Previous Internet entrepreneurs captured Wall Street's dollars by claiming they'd get filthy rich at some point in the future. But 33-year-old Jeffrey Bezos practically goes out of his way to insist that on-line bookseller Amazon.com has hardly any hope of making a profit. Bezos, whose stock rose from $18 to close at $23.50 a share in its first day of trading, this past May, seems by his honesty to have reassured investors that he must really know something. Executive editor Jeffrey L. Seglin set out to learn whether Bezos is just being cagey--or if profit is simply an irrelevant yardstick in cyberspace.
BEZOS: There are two dimensions in which Amazon.com completely dominates big-chain superstores: selection and price.
INC.: Aside from making the decision not to stock all the titles you offer, how have you been able to compete in those dimensions?
BEZOS: One way is our centralized distribution model. For a superstore to have nationwide coverage, it has to have approximately 500 superstores. Then consider, say, the 150,000th best-selling book--the marginal book a chain can barely justify carrying. The chain has to have 500 copies of that book, because there must be one copy in every store. But the optimal holding quantity for it on a nationwide basis is one copy.
INC.: If I'm a superstore, what's to stop me from starting a competing on-line bookstore?
BEZOS: There's nothing about our model that can't be copied over time. But you know, McDonald's got copied. And it still built a huge, multibillion-dollar company. A lot of it comes down to the brand name. Brand names are more important on-line than they are in the physical world.
INC.: You're using technology to collect information about people and their buying habits. Is that ultimately the business you'll be in?
BEZOS: No. What will always drive our business is transactions and sales of products.
INC.: In your prospectus you seem to acknowledge that the company isn't entirely efficient in that area.

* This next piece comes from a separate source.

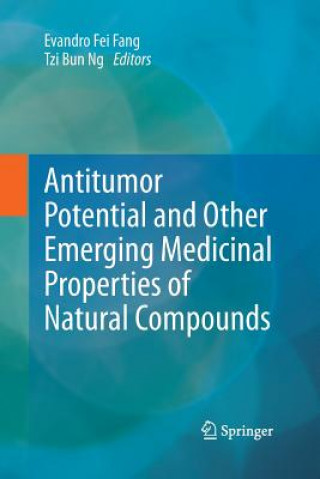 Carte Antitumor Potential and other Emerging Medicinal Properties of Natural Compounds Evandro Fei Fang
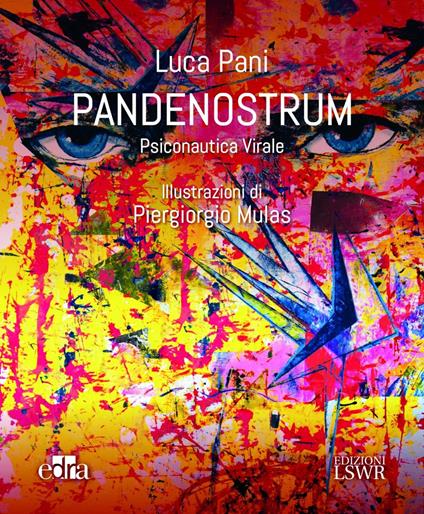 Pandenostrum. Psiconautica virale - Luca Pani - copertina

When people place an order, you get a tremendous amount of information from them. But none of it flows directly into your internal accounting system. Wouldn't there be a reason for linking those?
BEZOS: Only efficiency--just to eliminate some people who have to move the data from one system to another manually. When we look at ways to make things more efficient, making those two things seamless is just not a priority.
INC.: In your prospectus you say, "The Company's view...is that it will incur substantial losses for the foreseeable future."
BEZOS: We're not just covering ourselves. We're disclosing the facts of the situation. We're going to be unprofitable for a long time. And that's our strategy.
INC.: Presumably, at some point you probably don't want to be showing a loss.
BEZOS: Long term, the only way companies generate value is by making profits.
INC.: Are there things that need to happen for you to reach that point?
BEZOS: Only one. The key thing is sales growth.
INC.: But your sales must grow faster than what you spend to get them, right?
BEZOS: No, it's not the rate of growth. It's achieving a certain scale .
INC.: So how do you see that happening?
BEZOS: Given an assumed revenue ramp and a particular business plan, it's straightforward to calculate a break-even point. We've done that. But we don't disclose it.